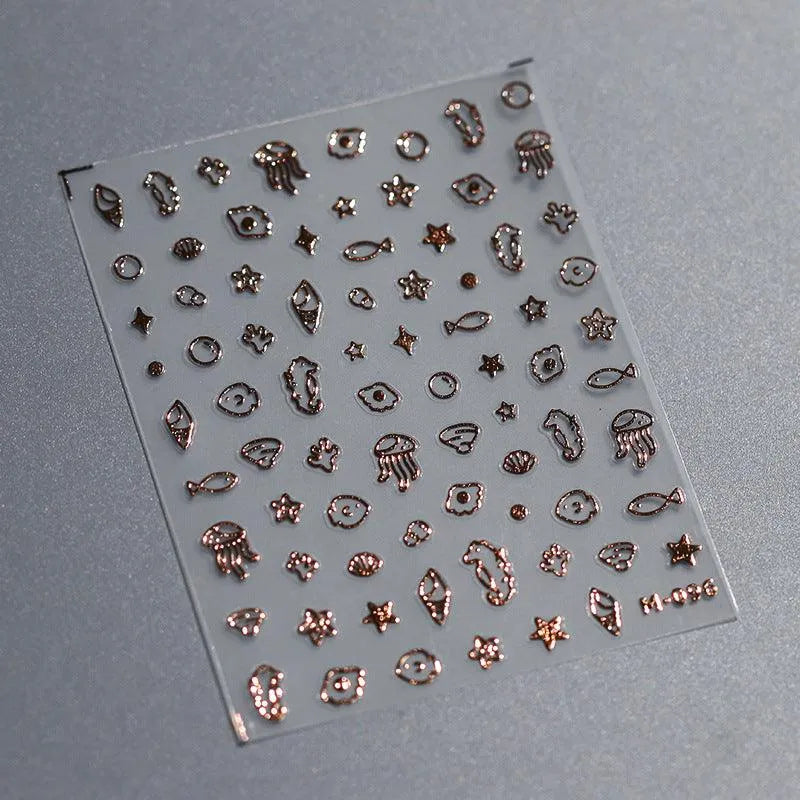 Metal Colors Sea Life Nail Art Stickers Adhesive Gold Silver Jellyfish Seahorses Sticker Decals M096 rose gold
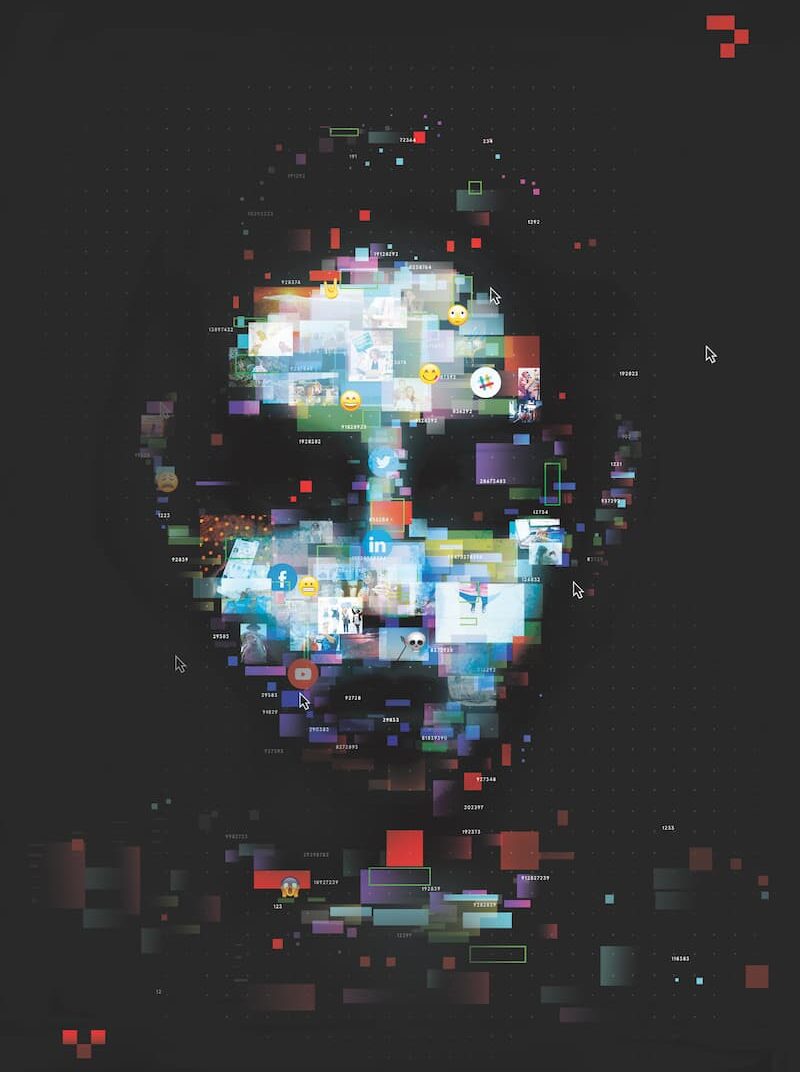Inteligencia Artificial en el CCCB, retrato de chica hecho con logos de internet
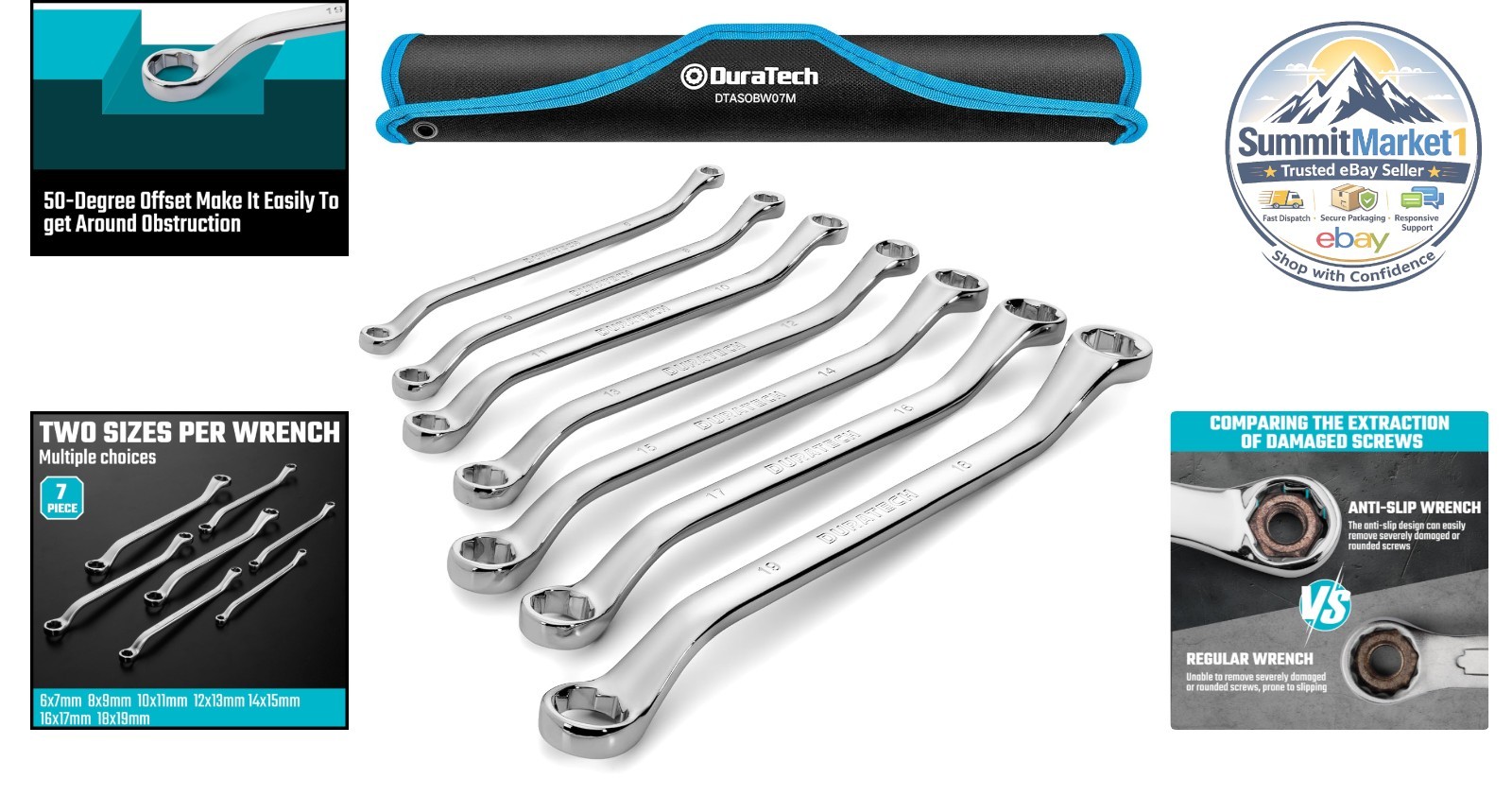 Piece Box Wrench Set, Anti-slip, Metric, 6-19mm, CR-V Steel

········

EXERCISE DETAILS ->
Please retype, exactly as they appear, the lines from the one with "Inteligencia Artificial en" through the final line of the material, both included, and drop any pictures.

RESPONSE AREA ->
Inteligencia Artificial en el CCCB, retrato de chica hecho con logos de internet
 Piece Box Wrench Set, Anti-slip, Metric, 6-19mm, CR-V Steel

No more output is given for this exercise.